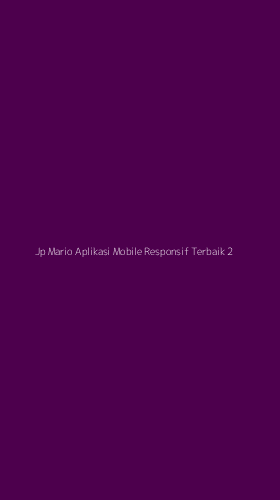 Tampilan Antarmuka Aplikasi Jp Mario Aplikasi Mobile Responsif Terbaik - 2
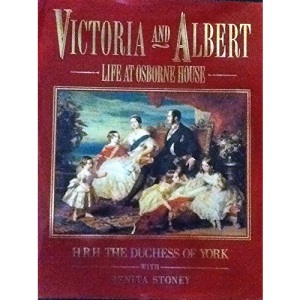 Victoria and Albert: Life at Osborne House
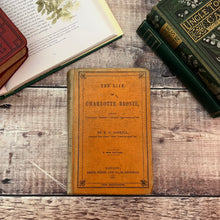 Load image into Gallery viewer, 1864 The Life of Charlotte Bronte by Elizabeth Gaskell Victorian Book Biography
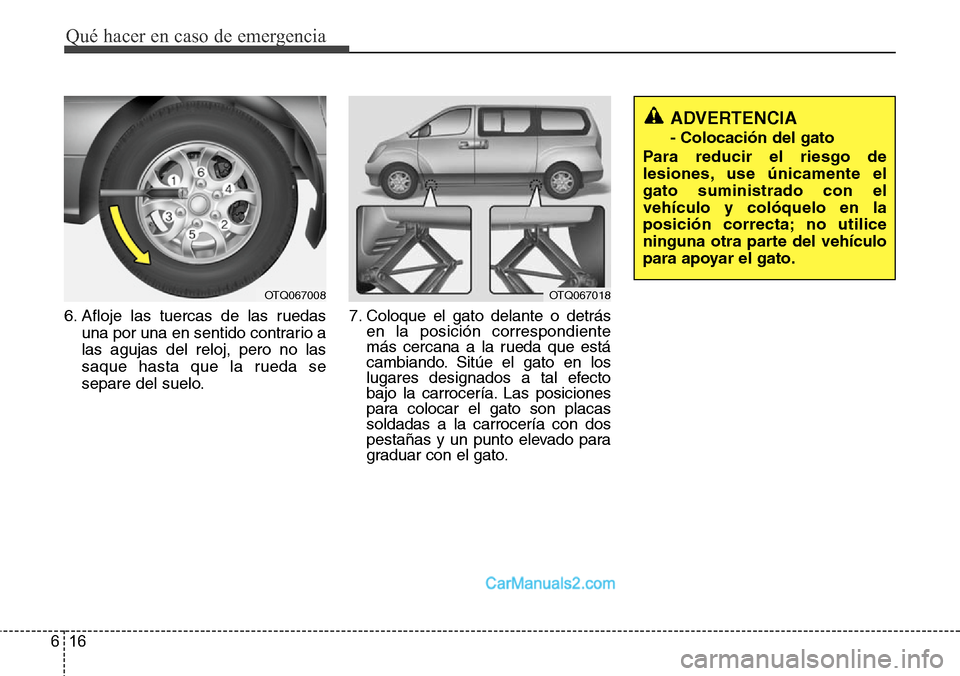 Hyundai H-1 (Grand Starex) 2015 Manual del propietario (in Spanish) Qué hacer en caso de emergencia
16 6
6. Afloje las tuercas de las ruedas
una por una en sentido contrario a
las agujas del reloj, pero no las
saque hasta que la rueda se
separe del suelo.7. Coloque e Hyundai H-1 (Grand Starex) 2015 Manual del propietario (in Spanish) Qué hacer en caso de emergencia
16 6
6. Afloje las tuercas de las ruedas
una por una en sentido contrario a
las agujas del reloj, pero no las
saque hasta que la rueda se
separe del suelo.7. Coloque e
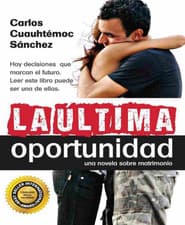 libro: la ultima oportunidad una novela sobre el matrimonio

------------------------

Check the listing above for "separe". Show every line where it turns up.

separe del suelo.7. Coloque e Hyundai H-1 (Grand Starex) 2015 Manual del propietario (in Spanish) Qué hacer en caso de emergencia
separe del suelo.7. Coloque e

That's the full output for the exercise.